Estos personajes tenían, cada uno, una columna en el suplemento No de la revista Sí que fuera dirigida por el emblemático periodista César Hildebrant. En los testimonios se relataban diversas situaciones pero desde la perspectiva de cada hermano. Caín era un subterráneo, miembro de la banda Flatulencia. Un chico deslenguado, brusco, nada disciplinado y poco afecto a bañarse. Abel, por su parte, era profundamente conservador, racista, beato (una especie de acólito del Opus Dei) y con un complejo de Edipo no resuelto, además de sentirse atraído por su profesor de piano. La existencia de ambos representan, según menciona el propio autor, 'la eterna lucha entre el bien el mal'. Pero, ¿cuál era el origen de estos hermanos? Los padres de las 'criaturas' eran Adán Fernández, un vendedor de enciclopedias y Eva Gonzalez de Fernández, ama de casa que había sufrido la extirpación de un seno, razón por la cual solo había podido amantar a uno de sus hijos (el lector ya se pude imaginar quién fue el elegido).
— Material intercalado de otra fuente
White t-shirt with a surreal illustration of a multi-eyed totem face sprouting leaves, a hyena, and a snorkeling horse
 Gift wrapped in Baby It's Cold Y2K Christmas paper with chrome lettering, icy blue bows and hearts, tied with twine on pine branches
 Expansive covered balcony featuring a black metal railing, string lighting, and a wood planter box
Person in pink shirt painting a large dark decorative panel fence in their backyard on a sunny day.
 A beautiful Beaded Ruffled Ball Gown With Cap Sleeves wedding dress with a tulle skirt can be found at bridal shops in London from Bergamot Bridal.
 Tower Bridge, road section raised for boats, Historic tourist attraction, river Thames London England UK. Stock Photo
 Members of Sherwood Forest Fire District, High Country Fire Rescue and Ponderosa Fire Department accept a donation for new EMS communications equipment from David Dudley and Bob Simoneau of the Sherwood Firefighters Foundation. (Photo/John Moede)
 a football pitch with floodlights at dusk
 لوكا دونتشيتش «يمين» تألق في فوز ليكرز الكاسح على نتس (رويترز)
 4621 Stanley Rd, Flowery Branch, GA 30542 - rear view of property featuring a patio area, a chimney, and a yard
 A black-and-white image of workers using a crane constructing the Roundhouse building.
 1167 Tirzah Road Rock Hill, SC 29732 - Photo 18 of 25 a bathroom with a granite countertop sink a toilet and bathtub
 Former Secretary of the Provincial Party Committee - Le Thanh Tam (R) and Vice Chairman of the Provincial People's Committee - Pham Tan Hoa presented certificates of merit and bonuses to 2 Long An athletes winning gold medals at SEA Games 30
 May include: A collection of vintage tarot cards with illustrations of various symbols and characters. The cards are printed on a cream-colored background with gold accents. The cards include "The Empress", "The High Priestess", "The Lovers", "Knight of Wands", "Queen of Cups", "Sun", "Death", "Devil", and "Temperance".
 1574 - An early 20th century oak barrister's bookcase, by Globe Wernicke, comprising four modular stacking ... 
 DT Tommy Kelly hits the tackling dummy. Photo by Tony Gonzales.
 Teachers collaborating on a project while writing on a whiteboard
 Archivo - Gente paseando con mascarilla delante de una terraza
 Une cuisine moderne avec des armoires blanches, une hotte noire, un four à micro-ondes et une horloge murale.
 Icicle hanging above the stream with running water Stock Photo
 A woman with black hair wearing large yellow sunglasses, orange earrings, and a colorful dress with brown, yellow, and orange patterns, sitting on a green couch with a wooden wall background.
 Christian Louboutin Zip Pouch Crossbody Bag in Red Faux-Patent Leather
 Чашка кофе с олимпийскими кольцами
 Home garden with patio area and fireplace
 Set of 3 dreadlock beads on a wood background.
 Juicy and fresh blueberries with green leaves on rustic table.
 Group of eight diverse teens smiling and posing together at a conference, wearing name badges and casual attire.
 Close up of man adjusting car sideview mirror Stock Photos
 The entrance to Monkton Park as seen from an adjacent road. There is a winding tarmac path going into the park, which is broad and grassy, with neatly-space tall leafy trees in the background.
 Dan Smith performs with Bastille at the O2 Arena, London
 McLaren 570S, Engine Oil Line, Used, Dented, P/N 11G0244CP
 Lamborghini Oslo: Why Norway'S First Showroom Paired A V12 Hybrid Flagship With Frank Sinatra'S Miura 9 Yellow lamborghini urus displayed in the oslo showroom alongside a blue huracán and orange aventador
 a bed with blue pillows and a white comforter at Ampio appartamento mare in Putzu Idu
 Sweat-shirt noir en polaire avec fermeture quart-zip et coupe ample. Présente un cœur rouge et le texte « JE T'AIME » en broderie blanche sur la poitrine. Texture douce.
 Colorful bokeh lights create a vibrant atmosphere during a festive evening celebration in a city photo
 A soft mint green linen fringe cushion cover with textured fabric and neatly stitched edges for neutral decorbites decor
Durante casi un año (las columnas se publicaron entre febrero y diciembre de 1987). León divirtió a sus lectores con las situaciones más divertidas (puedes encontrar algunas de las columnas aquí). Uno de los episodios más divertidos sin duda es la ocasión en que una mujer madura, la tía Aurora, se aprovecha sexualmente (por separado) de los dos hermanos. Veamos algunos fragmentos.
Caín
"La tía me computó y me llamó con las cejas, ¿manyas? Puta, me acerqué y me dijo que subiera a tomarme una chicha, y empezó a vacilarme con que los chibolos toman chicha. Puta’on, subí y su jato tenía miles de adornitos, espejos, flores y huevadas. Puta’on, abrió un barcito y sacó una botella de gin y empezamos a chupar. Me contó que su dorima chambea viajando y que, puta, ella se siente muy solita, mientras me agarraba la rata, chochera. Puta’on, a los cinco minutos estábamos en su cama en un polvo mostrazo. Compadre, regresé a mi jato oliendo a hembrita y con una cajaza de Besos de Moza en la mano, que se la regalé a mi vieja, diciéndole que me la había sacado en una rifa. Puta’on, el pendejo de mi viejo se cagó de risa y me regaló cien lucas".
Abel
"Ay, Dios, lo que pasó después es inenarrable. La mujerona se quitó el baby doll y, por efecto narcótico que me echó en el refresco, mi pajarito se puso duro. La mujerona se me tiró encima y empezó a hacerme cochinada y media, y yo, por el narcótico, sentí algo más sublime que lo que siento cuando comulgo. Después me vino el vómito, mientras la mujerona traía el centímetro para medirme no sé qué. ¡En eso sale Caín del clóset y me canta una barbaridad! Dios, no paré hasta mi hogar, buscando el regazo de mi santa madre y un poco de perdón. Hasta ahora resuenan en mis oídos las carcajadas pecaminosas de mi hermano y de ese hombre que es mi padre…".